北朝鮮「ミサイル乱発」の裏で金正恩にひたひたと忍び寄る「斬首作戦」【AsageiBiz2022年BEST】

 今年に入って錯乱したようにミサイルを打ちまくっている北朝鮮だが、それを金正恩総書記の「焦り」だと指摘したのがこの記事。米韓軍事演習のさなか、両国の特殊部隊の実力を伝えた11月4日配信記事は大きな反響を呼んだ――。

 11月3日朝に続いて、夜にも4回目の弾道ミサイルを発射したと思われる北朝鮮。海上保安庁は航行する船舶に対し、落下物発見の際は近づくことなく通報するよう呼びかけているが、

「今年に入り北朝鮮による、日本海に向けたミサイルの発射は50発以上。特に日本海で米空母ロナルド・レーガンが参加した米韓合同演習中(9月25日〜10月14日)には、計15発の弾道ミサイルが発射され、先月31日から始まった米韓軍の大規模合同訓練『ビジラント・ストーム』では、それがさらに激化している。連日の発射を受け、米韓両軍は訓練延長を決定しましたが、両者ともに一歩も引く構えがないことから、一触即発状態が続くと考えられます」(軍事ジャーナリスト)

 北朝鮮による連日のミサイル発射はビジラント・ストームへの対抗措置であることは言うまでもない。しかし、はたしてそれだけなのか。前出の軍事ジャーナリストは、「韓国国防筋からの情報」として、こう語る。

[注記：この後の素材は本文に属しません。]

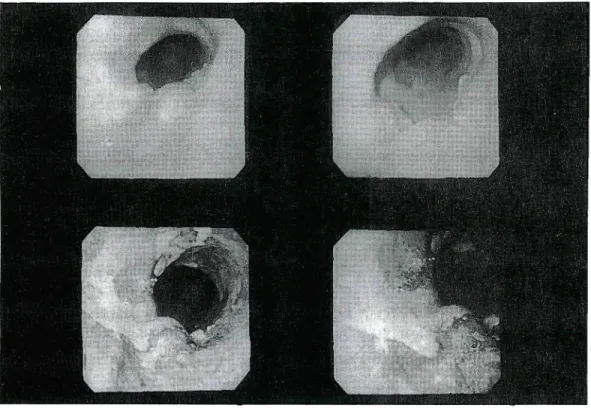 Fig. 2. Endoscopic photograph shows a polypoid lesion with overying smooth mucosa (top) and distal‑irregularly unstained areas (lugol solution spraying method) (bottom).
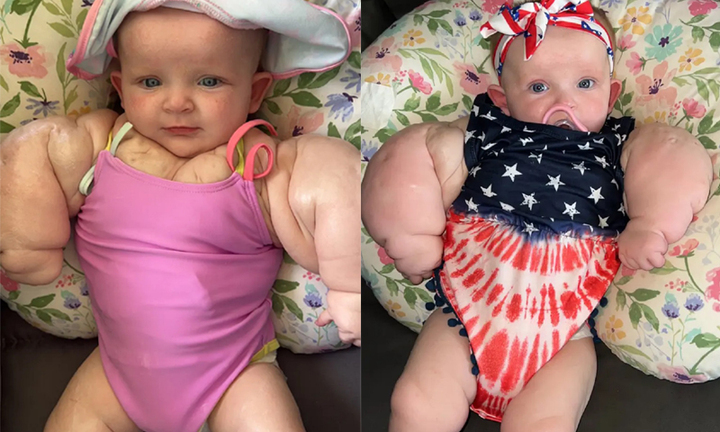  Bé gái 9 tháng tuổi có thân thể như vận động viên thể hình 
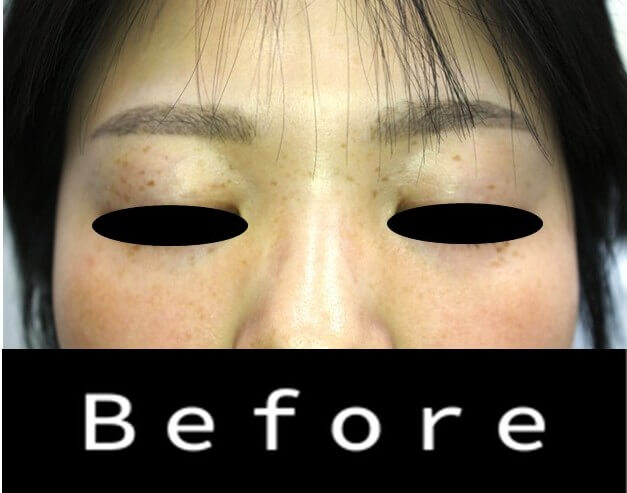 目周りのシミ取り。治療前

「ビジラント・ストームは、2015年に米韓両国により策定された『作戦計画5015』に基づき実施されていた空軍主体の合同演習を、名称を変更して復活させたものです。17年12月、北朝鮮による6回目の核実験と、長距離弾道ミサイルの発射を受け、米韓8つの空軍基地からF-22×6機、F-35A×6機、F-35B×12機の計24機のステルス戦闘機、超音速戦略爆撃機(B-1B)2機、加えて230機の作戦機と1万2000人の兵員が動員され、最大規模で実施されましたが、今回はそれを上回る規模だとされています。そして、この“空軍主体の演習”こそが、金総書記にとって最大の脅威となっているようです」

 というのも、今回の演習で使われている垂直離着陸が可能なF-35Bは空母から使えるうえ、レーダーを無力化させ、地対空ミサイル攻撃を妨害、さらには防空網をかいくぐるEA‐18Growlerのほか、地下60メートルまで攻撃可能なGBU-57という強力な爆弾を搭載。これらの爆弾だけで平壌の指揮所や地下要塞、核ミサイル基地を焦土化できる威力があるというのだ。

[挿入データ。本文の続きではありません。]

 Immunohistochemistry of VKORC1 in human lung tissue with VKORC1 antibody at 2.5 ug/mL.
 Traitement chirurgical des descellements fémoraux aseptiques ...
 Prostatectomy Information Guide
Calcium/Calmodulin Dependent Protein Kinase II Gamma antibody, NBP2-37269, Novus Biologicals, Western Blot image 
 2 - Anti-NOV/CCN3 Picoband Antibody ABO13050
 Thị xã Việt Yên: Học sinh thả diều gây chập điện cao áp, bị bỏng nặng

「つまり、地上に降り立つまでもなく、空から『斬首作戦』が決行できるということ。しかも、先月30日の軍司令部発表によれば、前日の29日には京畿道平沢市にある米軍基地で『チークナイフ』という訓練が行われたとのこと。これは、米韓両国の特殊部隊が敵地に潜入し、さまざまなミッションを遂行することを目的とした訓練です。今回は米空軍の特殊作戦飛行団などが投入され、夜間に行われたようですが、この訓練の原型になっているのが、米海軍特殊部隊ネイビー・シールズの『チーム6』。米軍最強のエリート集団とも言われ、2011年に隠れ家に潜むオサマ・ビンラディンを奇襲、殺害したことで知られています。つまり、バイデン大統領が指令を下せば、彼らがネットワークを駆使し、即座にターゲットの居場所を確認、ミッションが発動されることになります。おそらく、金氏はそれに恐怖を覚えているのでしょう。その焦りがミサイルの連続発射に繋がっているとも考えられます」(同)

 武力による挑発がこれ以上エスカレートしないことを願うばかりだ。